-- Recorded data follows --

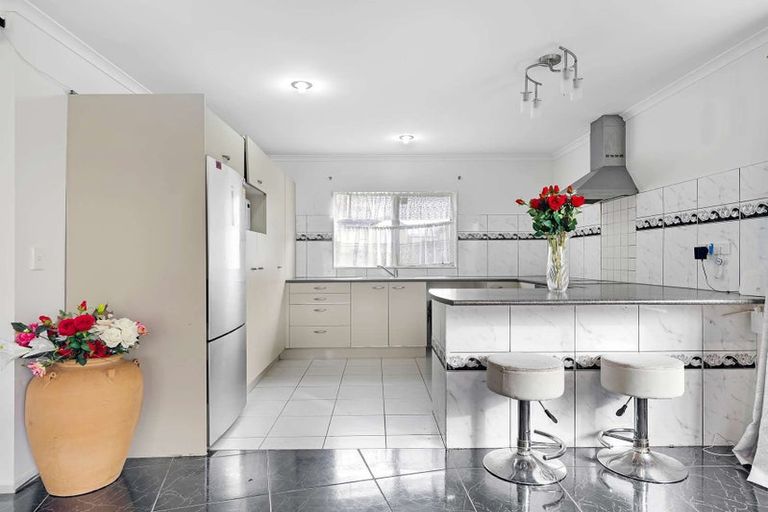 Photo of property in 13 Ritchie Crescent, Takanini, 2112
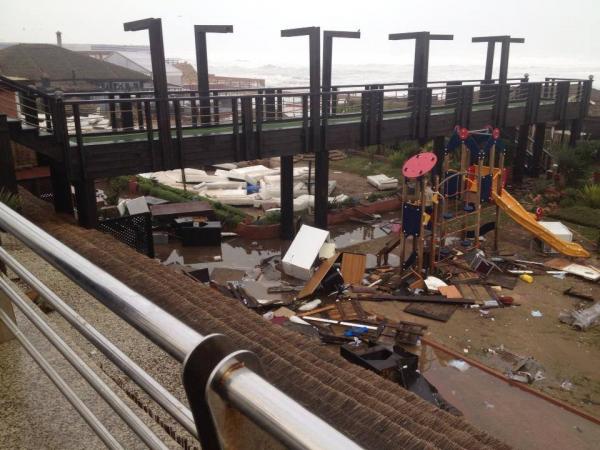 بالصور ....امواج عالية ضربت مدن الساحل الأطلسي و خسائر مادية جسيمة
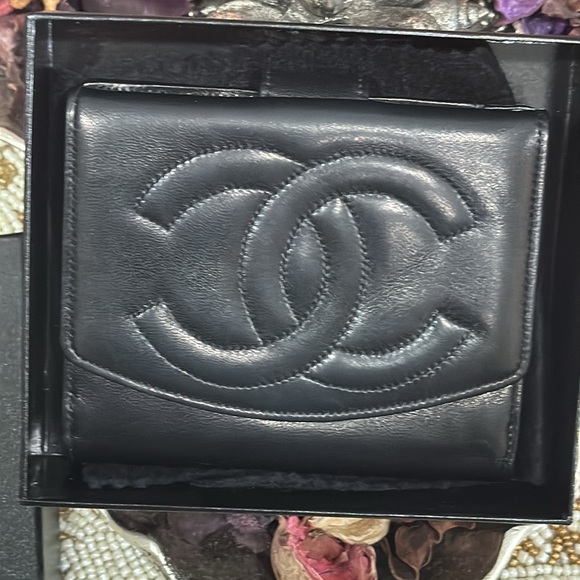 Chanel Bifold black wallet this is in good condition comes with OG Box and Tissu - Picture 4 of 15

-- Recorded data concluded --

| Task goal |
Could the listing above be printed again in full, with every picture omitted?

| Completed task |
 Photo of property in 13 Ritchie Crescent, Takanini, 2112
 بالصور ....امواج عالية ضربت مدن الساحل الأطلسي و خسائر مادية جسيمة
 Chanel Bifold black wallet this is in good condition comes with OG Box and Tissu - Picture 4 of 15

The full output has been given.